Just because you don't like to work it doesn't mean I owe anything to you
Edit: I just wanted to point out that work is not the problem. The problem is the economical model, some stupid ass works, monopoly etc
"growing population" is a sedentary problem. Hunter-gatherers didn't reproduce like rabbits.
They still did, a bunch of kids just died or were infanticided because that was the closest thing to birth control.
i remember reading that higher calorie supply makes people more willing to breed, so agriculture kinda caused people to have more kids, because they could.
I don't believe infanticide was a common thing at any point.
For one, people in the past were well aware that some herbs had a dampening effect on fertility (not as comprehensive as modern methods, but still apparently visible emough). Together with a longer breastfeeding period and less nutrition, that will have been enough to curtail the actual amount of pregnancies.
People loved their children. There are enough grave inscriptions and stories detailing the depth of grief or framing a willingness to sacrifice your own kid as remarkable obedience (Abraham and Isaac, Cepheus and Andromeda). I see no reason to believe that this should have been so different in the cultures before recorded history.
Nope, that started after the neolithic revolution.
Before that, people had way less kids since 1. diseases weren't as rampant then as they were after beginning agriculture (turns out that living in close corridors and near your animals that are full of diseases and parasites may not be healthy), and 2. people breastfed their babies until 3-5 years, unlike later, when people only breastfed them for a year or so, or even used wet nurses, which allowed the mother to get pregnant again soon after giving birth.

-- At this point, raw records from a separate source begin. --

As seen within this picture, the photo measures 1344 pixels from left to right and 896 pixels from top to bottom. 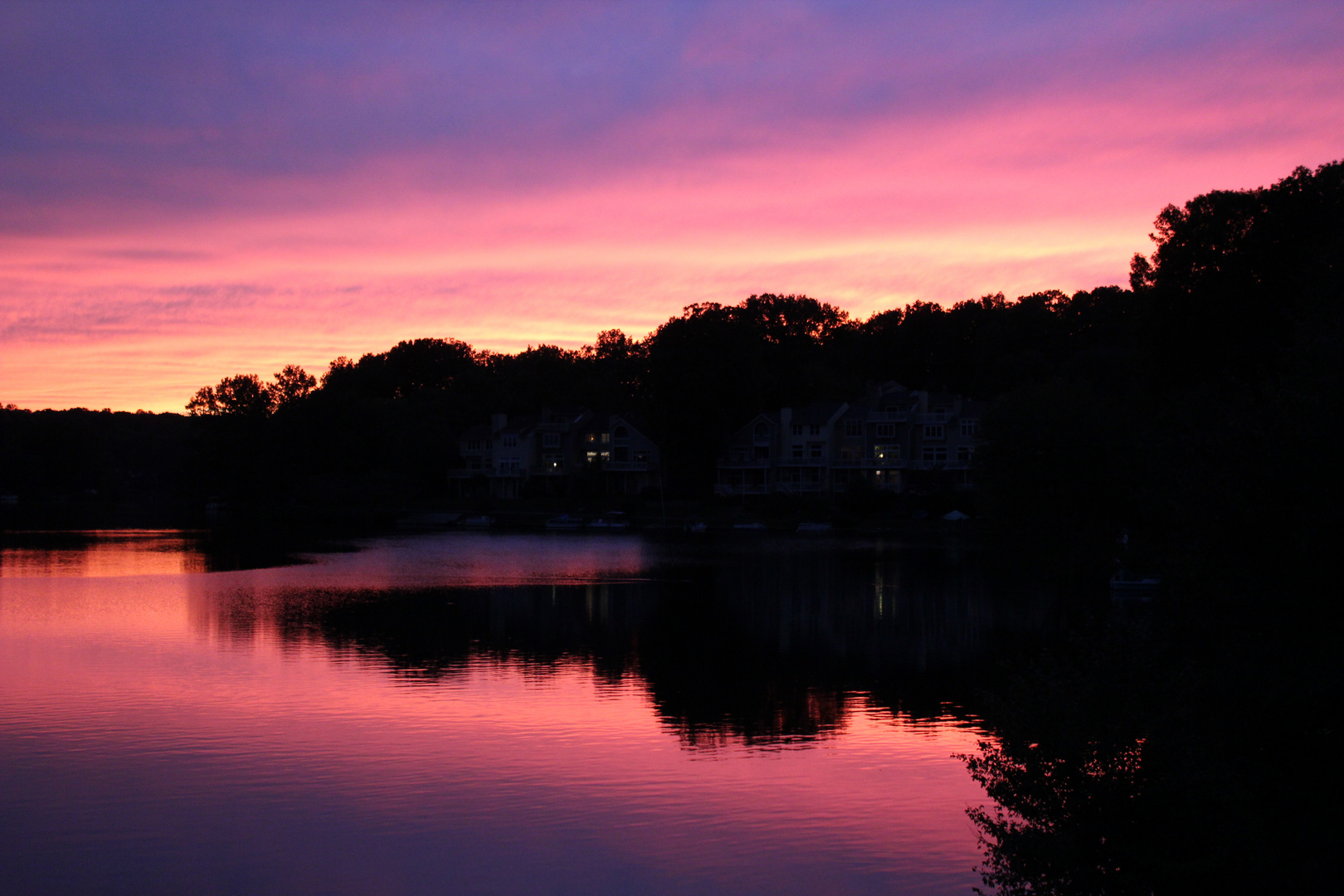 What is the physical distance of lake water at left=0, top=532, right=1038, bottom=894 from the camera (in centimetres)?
1498

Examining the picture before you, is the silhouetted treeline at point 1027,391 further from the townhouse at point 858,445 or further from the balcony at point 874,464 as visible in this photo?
the balcony at point 874,464

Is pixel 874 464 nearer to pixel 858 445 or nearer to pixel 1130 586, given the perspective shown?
pixel 858 445

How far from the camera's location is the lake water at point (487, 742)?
15.0 metres

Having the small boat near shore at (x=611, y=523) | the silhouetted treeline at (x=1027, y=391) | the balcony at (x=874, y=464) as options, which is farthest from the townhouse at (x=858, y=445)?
the small boat near shore at (x=611, y=523)

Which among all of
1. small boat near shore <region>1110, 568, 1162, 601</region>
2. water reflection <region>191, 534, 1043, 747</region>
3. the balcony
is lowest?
water reflection <region>191, 534, 1043, 747</region>

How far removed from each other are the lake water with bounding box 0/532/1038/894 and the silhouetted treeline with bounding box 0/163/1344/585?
20.3 ft

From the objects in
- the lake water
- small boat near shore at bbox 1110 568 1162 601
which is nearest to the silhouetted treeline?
small boat near shore at bbox 1110 568 1162 601

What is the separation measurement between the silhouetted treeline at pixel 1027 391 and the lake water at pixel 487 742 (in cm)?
619

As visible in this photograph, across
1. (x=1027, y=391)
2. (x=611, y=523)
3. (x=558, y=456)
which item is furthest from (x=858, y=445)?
(x=1027, y=391)

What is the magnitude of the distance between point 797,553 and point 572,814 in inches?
2122

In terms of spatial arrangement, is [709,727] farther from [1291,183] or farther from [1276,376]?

Of course a lot of kids surely died, but not nearly as much as in later societies up until the introduction of vaccines and other parts of modern medicine.
As for infanticide, I'm not particularly knowledgeable on that, but I'm pretty sure that it wasn't nearly as common when births were much rarer and attitudes towards groups that later cultures usually killed as babies, such as disabled people, intersex people, and others that were considered 'deformed', were much more lenient.

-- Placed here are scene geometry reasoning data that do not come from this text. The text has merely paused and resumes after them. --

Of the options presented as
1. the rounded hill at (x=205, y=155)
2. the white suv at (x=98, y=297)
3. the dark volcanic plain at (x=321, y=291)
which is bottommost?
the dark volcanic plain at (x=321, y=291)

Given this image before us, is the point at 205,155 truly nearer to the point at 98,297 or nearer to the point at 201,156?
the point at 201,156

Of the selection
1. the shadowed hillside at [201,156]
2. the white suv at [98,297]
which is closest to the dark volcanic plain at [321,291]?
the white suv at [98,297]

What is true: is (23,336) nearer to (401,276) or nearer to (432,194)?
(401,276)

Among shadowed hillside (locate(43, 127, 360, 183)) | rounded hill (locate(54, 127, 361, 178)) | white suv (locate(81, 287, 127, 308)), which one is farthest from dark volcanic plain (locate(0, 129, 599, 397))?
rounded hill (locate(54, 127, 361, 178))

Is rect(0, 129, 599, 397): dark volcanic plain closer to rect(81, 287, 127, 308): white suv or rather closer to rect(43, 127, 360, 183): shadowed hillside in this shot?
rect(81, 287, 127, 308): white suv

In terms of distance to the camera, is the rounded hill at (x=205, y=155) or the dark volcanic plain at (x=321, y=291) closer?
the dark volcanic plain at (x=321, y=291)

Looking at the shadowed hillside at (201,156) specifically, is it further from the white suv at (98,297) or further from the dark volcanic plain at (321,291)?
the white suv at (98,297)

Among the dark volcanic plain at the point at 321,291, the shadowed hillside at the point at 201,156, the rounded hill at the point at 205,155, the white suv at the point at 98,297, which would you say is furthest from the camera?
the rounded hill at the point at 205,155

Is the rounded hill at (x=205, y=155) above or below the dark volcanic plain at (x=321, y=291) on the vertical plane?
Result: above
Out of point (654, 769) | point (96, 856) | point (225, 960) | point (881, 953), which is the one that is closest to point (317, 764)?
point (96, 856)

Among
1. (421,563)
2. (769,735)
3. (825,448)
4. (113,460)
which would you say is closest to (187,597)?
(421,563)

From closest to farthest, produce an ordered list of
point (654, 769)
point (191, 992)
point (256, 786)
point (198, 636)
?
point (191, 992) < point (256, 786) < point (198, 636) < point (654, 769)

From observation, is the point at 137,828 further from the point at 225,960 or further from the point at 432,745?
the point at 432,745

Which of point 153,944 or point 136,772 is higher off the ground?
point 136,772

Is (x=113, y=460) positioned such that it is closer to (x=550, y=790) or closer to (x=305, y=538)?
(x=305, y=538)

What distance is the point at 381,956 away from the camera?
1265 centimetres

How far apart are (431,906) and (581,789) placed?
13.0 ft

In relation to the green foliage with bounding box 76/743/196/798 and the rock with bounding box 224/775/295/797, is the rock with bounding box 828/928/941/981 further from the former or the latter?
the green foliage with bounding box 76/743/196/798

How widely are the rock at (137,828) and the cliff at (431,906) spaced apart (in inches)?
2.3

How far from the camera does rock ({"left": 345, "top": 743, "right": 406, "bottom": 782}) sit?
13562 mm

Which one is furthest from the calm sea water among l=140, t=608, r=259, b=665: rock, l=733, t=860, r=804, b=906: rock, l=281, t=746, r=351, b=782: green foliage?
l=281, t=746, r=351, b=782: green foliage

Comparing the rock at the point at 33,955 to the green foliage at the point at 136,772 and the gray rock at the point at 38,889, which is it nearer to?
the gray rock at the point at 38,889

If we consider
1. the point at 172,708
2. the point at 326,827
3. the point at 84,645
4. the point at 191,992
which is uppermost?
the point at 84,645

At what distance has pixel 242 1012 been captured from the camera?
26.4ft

do you have any sources for infanticide?
was infant mortality higher for hunter-gatherers compared to Neolithic or even medieval times?
some information from a quick search (i'm not an archeologist or anthropologist. I was just very interested in Neolithic period at some time 🤷
https://motherhoodinprehistory.wordpress.com/2015/08/31/prehistoric-child-spacing/
Except that we do that and we still have people starving to death. Maybe we ought to try something different.
Sure, but the answer isn't hunting and gathering.
No one suggested that we go back to hunting/gathering.
Currently reading the Bobiverse take on this. It's still ongoing and I'm curious where the author will fall in the end.